Obwohl sich Hitler offiziell um Verständigung mit Dänemark bemühte und sogar einen Nichtangriffspakt einging, gab die zunehmend revisionistische und immer aggressivere Außenpolitik des Deutschen Reichs in Dänemark Anlass zur Sorge. Man hatte starke Garnisonen in Tondern, Sonderburg und Hadersleben. Auch die Entfernung des zweiten Gleises der Hauptbahn zwischen Pattburg und Tingleff entsprang strategischen Überlegungen. Auf der anderen Seite führte die Stauning-Munch-Regierung eine Politik gegenüber Deutschland, mit welcher man jede mögliche Provokation vermeiden wollte.
Daran änderte sich auch nichts, als die Kriegsgefahr 1939 immer ernster wurde.
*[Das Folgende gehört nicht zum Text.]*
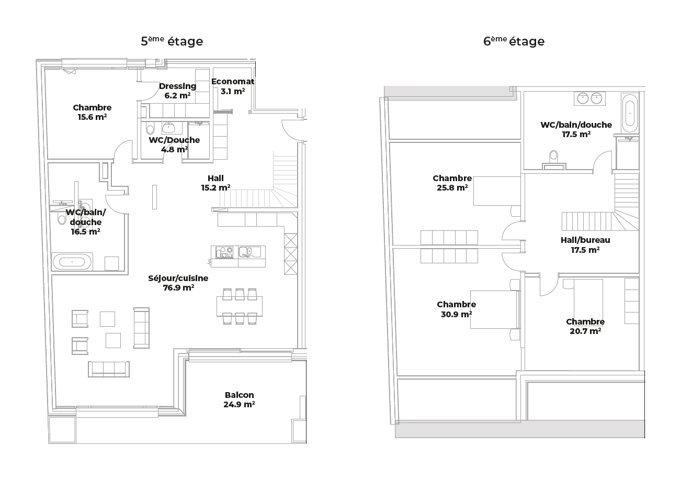 Appartement 5.5 pièces à louer à Delémont - image 1/8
Spätestens mit der Einverleibung des tschechischen Reststaates im März 1939 als "Protektorat Böhmen und Mähren" unter NS-deutsche Herrschaft wurde unmissverständlich klar, dass Hitler sich keineswegs mit der Revision des Versailler Vertrags und der Vereinigung aller mehrheitlich deutsch besiedelten Gebiete zufrieden geben würde. Mit dem deutschen Angriff auf Polen am 1.9.1939 begann der Zweite Weltkrieg in Europa. Die deutsche Volksgruppe und deren NS-Führung lehnten sich angesichts der Erfolge des Hitlerreichs weiter eng an dieses; ein deutscher Machtzuwachs in Europa nährte die Hoffnung auf eine Grenzrevision. Dänemark musste fürchten, anders als im Ersten Weltkrieg ebenfalls in die Kriegshandlungen einbezogen zu werden. Man hielt an der bisherigen Neutralitätspolitik fest, konnte jedoch nicht den deutschen Einmarsch am 9.4.1940 verhindern.